Por outro lado, procurando dar estofo ao espetáculo, há os jornais e as emissoras de TV, que vendem a prata falsificada, transformando a miséria em show. A TV privada, na verdade, não promove o esporte, o que faz é vender a audiência aos anunciantes, e por um preço muito alto. Ótimo, o negócio. Aqui entra a literatura, instigante, capaz de mostrar e discutir o que se supõe normal. Ao dizer que não se deseja ideologizar algum tipo de ação, revela-se o grau avançado da ideologia dominante. Então, é preciso chamar o ladrão. No nosso caso, o escritor.

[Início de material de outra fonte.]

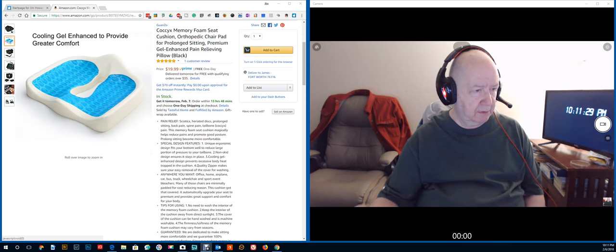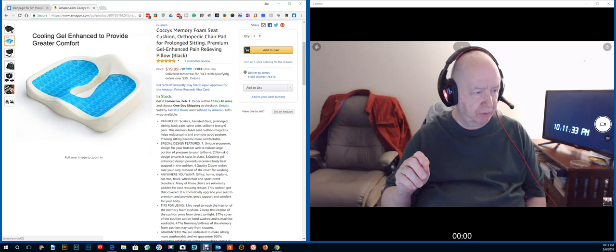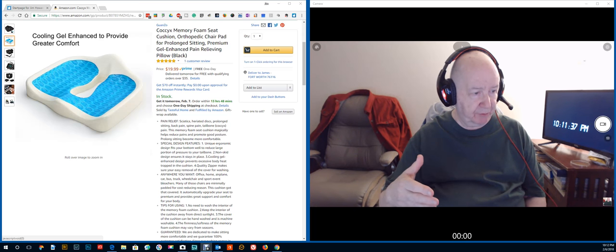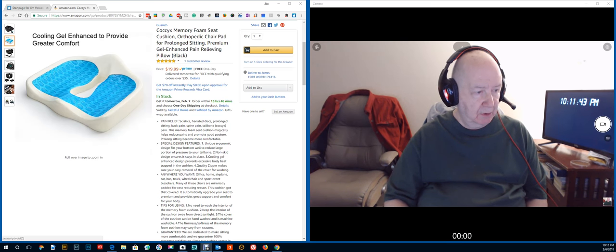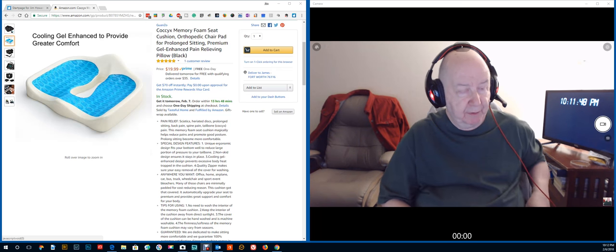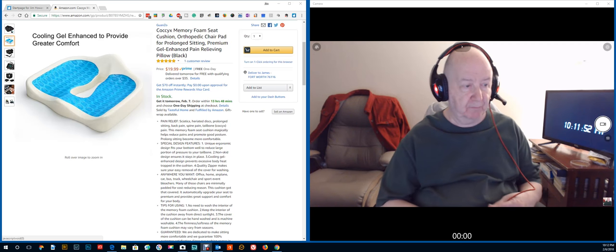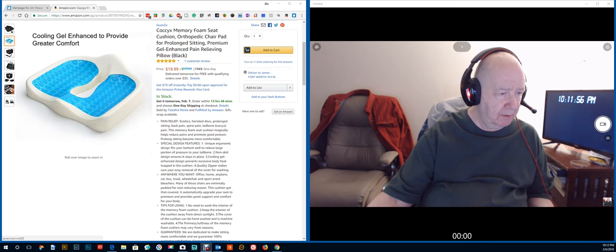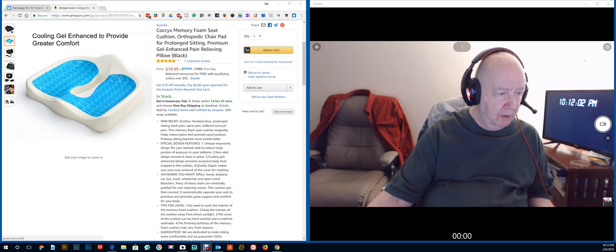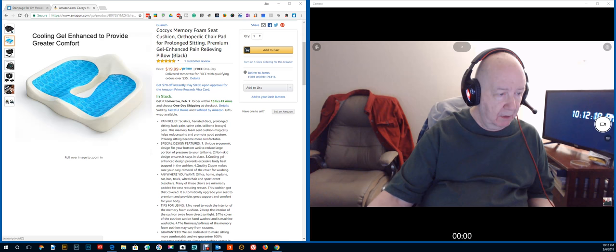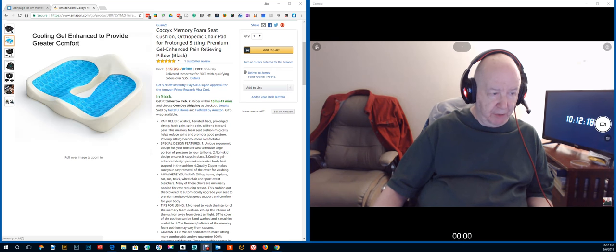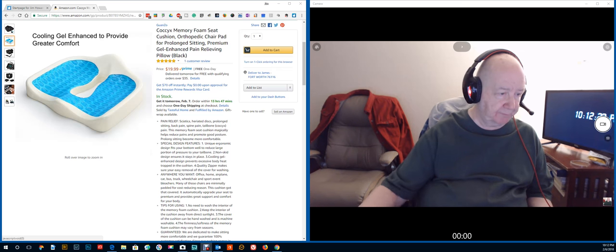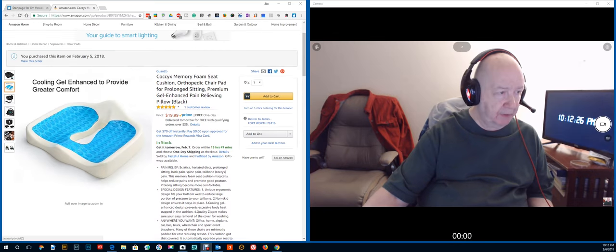Unique design. Unique design fits your bottom well to reduce large portions of pressure on your tailbone. Non-skid. And I haven't noticed any problem with that, with it skidding. Cooling gel. I'm not sure about that. I have a feeling that would be maybe especially good for an automobile or something. This has a zipper on it so you can remove the cover for washing. Office, home, airplane, car, bus, truck. I bet a lot of truck drivers would want something like this. And then they say here, many chairs are minimally padded. And I've noticed that, of course. Then they go on with some tips and their guarantee.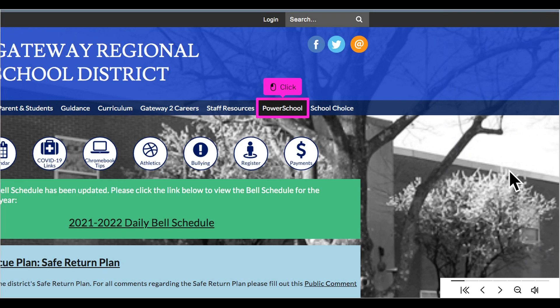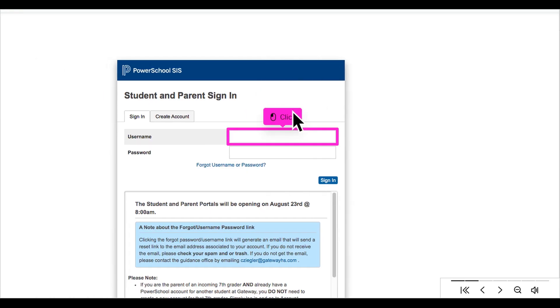The first step is to go to Gateway Regional School District's website and click PowerSchool in the navigation bar. The PowerSchool home page will load. Click on the username box.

Só ele é capaz de surrupiar e soltar as amarras das pseudoverdades.
Fora do lugar
O que se poderia criticar no livro é um tipo de reflexão muito refinada para alguém que não aparenta ter tal capacidade, o narrador-boxeador. Alguém poderia contrapor dizendo que não se trata, na verdade, de um boxeador, mas de um escritor, já que a literatura dá tal prerrogativa. No entanto, é preciso refletir sobre a questão. Os romances, sobretudo, trabalham com a verossimilhança. Por mais fantasiosa que seja uma narrativa, tanto mais em primeira pessoa onde o narrador cria todo um revestimento de veracidade, como neste livro, há questões que soam fora de lugar. Sabe-se que pesam referências pessoais do personagem, como a decadência, a possibilidade de derrota, o envelhecimento, a pobreza, a luta contra ela, etc. Ainda assim, fica difícil descolar o meio que envolve as lutas da realidade literária que o autor introduz como duplo. Um boxeador de verdade dificilmente chegaria a tal ponto de refinamento existencial e linguístico. Outro ponto muito interessante, mas que tira de foco o assunto principal do romance, é uma história paralela sobre uma vingança pessoal, vivenciada pelo mesmo narrador, que vem à tona perto do final do livro.
O romance apresenta, na verdade, um acerto de contas entre os vários flancos do ser humano, introduzindo duplos muitas vezes interessantes, como força física e força intelectual; habilidade e talento, correção e corrupção, fidelidade e traição. Trata-se do homem cindido, sem possibilidade de um lugar, em fuga constante e sem esconderijo. Mesmo no amor, suas chances são poucas. O que lhe sobra, no universo da narrativa, é a esperança de certa herança literária, possibilidade de deixar o rastro de sua parca existência.
Entre muitos escritores, vem tornando-se comum a investida literária como acerto de contas. Isto quer dizer, usa-se a literatura para que personagens consigam o que a realidade nega ou negou às pessoas do mundo “real”. A investida arrasta atrás de si alguns problemas. A literatura, como realidade intrínseca a ela mesma, possui muito poder, produzindo reflexos na vida real, como a imitação de atitudes e do modo de vida de determinados personagens. Mas tal ação é perigosa e poucas vezes dá resultados concretos. Por outro lado, existem autores que conseguem criar conceitos que se tornam verdades, estes passam a servir como fontes de estudo, de pesquisa, e de teorias filosóficas. Neste último caso, muitas vezes, acerta-se. Suas obras dão origem a uma melhor compreensão do mundo, e mesmo a uma nova mentalidade. Por outro lado, literatura e realidade apresentam alguns problemas. Um exemplo: em épocas de guerra, a literatura não tem força alguma, não pode lutar contra obuses e canhões; mas, em épocas de paz (mesmo que estas sejam bastante fugazes), pode levar mentalidades a compreenderem a importância do diálogo e do respeito ao que o outro tem a dizer. Talvez, assim, diminuam-se futuros conflitos.